Konuşmasının devamında ekonomideki bu sürecin karşılıklı iş birliği ve anlayışı daha da yükseltilmesi gerektiğine vurgu yapan Menevşe, “Bankalar bu ekonomik koşullar altında yüksek borç stoklarını çeviremeyecekleri veya geri ödemelerde sıkıntı yaşayacakları gerekçesiyle işletmelere kredi kullandırmada nazlı davranıyorlar. Bazı işletmeler açısından da bu koşullarda kredi kullanma konusunda tereddütler var. Ancak şu bir vakıa, toplam kredi hacmi düşüyor, düşen kredi hacmi ekonominin de daralmasına sebep olmaktadır. Bu nedenle finans ve reel sektör işbirliği bugün hiç olmadığı kadar önemlidir. Ancak finans sektörü ile reel sektör arasındaki son zamanlardaki münasebetleri incelersek bankaların reel sektöre karşı tutumunun katılaştığını görüyoruz” ifadelerini kullandı. 

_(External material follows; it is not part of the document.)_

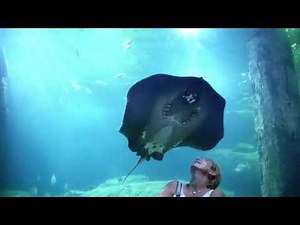 Burgers' Zoo Arnhem - Ein tierisch guter Tagesausflug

Finans sektörü olmadan reel sektör, reel sektör olmadan da finans sektörü olmayacağını belirten Menevşe, “Bu süreçte karşılıklı iş birliği ve anlayışı daha da fazla yükseltmemiz gerekiyor. Sonuçta hepimiz aynı gemideyiz. Gün, gemiyi yüzdürmeye gayret etme günüdür” dedi.